Zu berücksichtigen ist dabei, dass im Arbeitsleben übliche Konfliktsituationen, die sich durchaus auch über einen längeren Zeitraum erstrecken können, nicht geeignet sind, derartige rechtliche Tatbestände zu erfüllen (so auch LAG Schleswig-Holstein 19. März 2002 – 3 Sa 1/02 – NZA-RR 2002, 457) und es daher gilt sog. folgenloses (so Benecke NZA-RR 2003, 225, 228) oder sozial- und rechtsadäquates Verhalten (so Rieble/Klumpp ZIP 2002, 369) auf Grund einer objektiven Betrachtungsweise, dh. ohne Rücksicht auf das subjektive Empfinden des betroffenen Arbeitnehmers, von der rechtlichen Bewertung auszunehmen. Weisungen, die sich im Rahmen des dem Arbeitgeber zustehenden Direktionsrechts bewegen und bei denen sich nicht eindeutig eine schikanöse Tendenz entnehmen lässt, dürften nur in seltenen Fällen eine Verletzung des Persönlichkeitsrechts darstellen.

Gleiches kann für den Rahmen des Direktionsrechts überschreitende Weisungen gelten, denen jedoch sachlich nachvollziehbare Erwägungen des Arbeitgebers zugrunde liegen (vgl. hierzu Benecke NZA-RR 2003, 225; Rieble/Klumpp ZIP 2002, 369) . An der verschiedene einzelne Handlungen zusammenfassenden Systematik kann es darüber hinaus fehlen, wenn ein Arbeitnehmer von verschiedenen Vorgesetzten, die nicht zusammenwirken und die zeitlich aufeinander folgen, in seiner Arbeitsleistung kritisiert oder schlecht beurteilt wird oder wenn die Arbeitsleistung – wie es bei dem Kläger der Fall war – nicht nur kritisiert oder ignoriert, sondern ausdrücklich gleichermaßen auch positiv gewürdigt wird. Ebenfalls können Verhaltensweisen von Arbeitgebern oder Vorgesetzten nicht in die Prüfung einbezogen werden, die lediglich eine Reaktion auf Provokationen durch den vermeintlich gemobbten Arbeitnehmer darstellen. Insoweit fehlt es an der von der Instanzrechtsprechung und Lehre so bezeichneten eindeutigen Täter-Opfer-Konstellation (vgl. Thüringer LAG 10. April 2001 – 5 Sa 403/2000 – LAGE GG Art. 2 Persönlichkeitsrecht Nr. 2; Benecke NZA-RR 2003, 225; dies. Mobbing Rn. 19 ff.) .

 Ferner kann es an der für die Verletzungshandlung erforderlichen Systematik fehlen, wenn zwischen den einzelnen Teilakten lange zeitliche Zwischenräume liegen (vgl. Benecke Mobbing Rn. 34) .

4. Was gilt beweisrechtlich ?

BAG 8. Senat v. 16.05.2007 Aktenzeichen: 8 AZR 709/06:

Die Beweislast für die Pflichtverletzung trägt nach allgemeinen Grundsätzen der Gläubiger und damit der Arbeitnehmer (vgl. Palandt/Heinrichs 66. Aufl. § 280 Rn. 35) . Dies gilt auch in sog. Mobbing-Fällen.
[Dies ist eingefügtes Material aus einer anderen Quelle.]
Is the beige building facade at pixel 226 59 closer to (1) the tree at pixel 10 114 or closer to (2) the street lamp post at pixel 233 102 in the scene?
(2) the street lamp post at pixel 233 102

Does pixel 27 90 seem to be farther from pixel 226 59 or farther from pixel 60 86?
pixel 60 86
Die Fünfte Kammer des Thüringer Landesarbeitsgerichts (15. Februar 2001 – 5 Sa 102/2000 – LAGE BGB § 626 Nr. 133) möchte diesen Grundsatz modifizieren und darauf abstellen, dass das Vorliegen eines “mobbingtypischen” medizinischen Befundes als Indiz für die Richtigkeit der Behauptungen angesehen werden kann, wenn eine Konnexität zu den behaupteten Mobbing-Handlungen besteht. Andere Landesarbeitsgerichte verweisen demgegenüber auf die allgemeinen Grundsätze zur Darlegungs- und Beweislast (LAG Berlin 15. Juli 2004 – 16 Sa 2280/03 – LAGE GG Art. 2 Persönlichkeitsrecht Nr. 9; LAG Bremen 17. Oktober 2002 – 3 Sa 78/02 – LAGE GG Art. 2 Persönlichkeitsrecht Nr. 5) , wobei das Landesarbeitsgericht Bremen (in Anlehnung an MünchArbR/Blomeyer § 97 Rn. 45) ergänzend darauf hinweist, die Beweisführung folge den Regeln des prima-facie-Beweises, wenn es sich um einen typischen Geschehensablauf handele, ohne zu erläutern, wann im Rahmen von behaupteten Persönlichkeitsrechtsverletzungen von typischen Geschehensabläufen gesprochen werden kann.

Benecke (NZA-RR 2003, 225 und Mobbing Rn. 328) weist zutreffend darauf hin, dass der von dem Thüringer Landesarbeitsgericht verwendete Begriff der Konnexität äußerst unbestimmt sei. Hinzu kommt, dass das Thüringer Landesarbeitsgericht – sofern man sein Vorgehen als Aufstellung einer Vermutungsregel ansehen möchte – die Vermutungsfolge (Vorliegen der behaupteten Mobbing-Handlungen) zugleich zu einer Voraussetzung des Vermutungstatbestandes macht.

In der arbeitsrechtlichen Literatur wird daher ein Abweichen von den allgemeinen Grundsätzen der Beweislast überwiegend mit der zutreffenden Begründung abgelehnt, eine Beweiserleichterung oder Beweislastumkehr komme im deutschen Rechtssystem grundsätzlich nur in Betracht, wenn der Anspruchsgegner auf Grund Sachwissens über komplexe Vorgänge dem Geschädigten weit überlegen sei, wie etwa bei der deliktischen Produzentenhaftung oder der Arzthaftung (Rieble/Klumpp ZIP 2002, 369; Benecke NZA-RR 2003, 225; Abeln/Gaudernack LAG-Report 2005, 225) . Dies sei bei sog. Mobbing-Fällen nicht der Fall. Das “Mobbing-Opfer” habe keine geringere Sachkenntnis, sondern befinde sich oft allein deshalb in Beweisnot, weil es keine Zeugen für die behaupteten Mobbing-Handlungen habe. Dem kann aber durch die ebenfalls von dem Thüringer Landesarbeitsgericht aufgezeigten, prozessual an sich selbstverständlichen Mittel wie die Parteianhörung nach § 141 ZPO und die Parteivernehmung nach den §§ 445, 448 ZPO und einer sorgfältigen Beweis- und Sachverhaltswürdigung in ausreichendem Maße Rechnung getragen werden. Dieser Auffassung schließt sich der Senat an.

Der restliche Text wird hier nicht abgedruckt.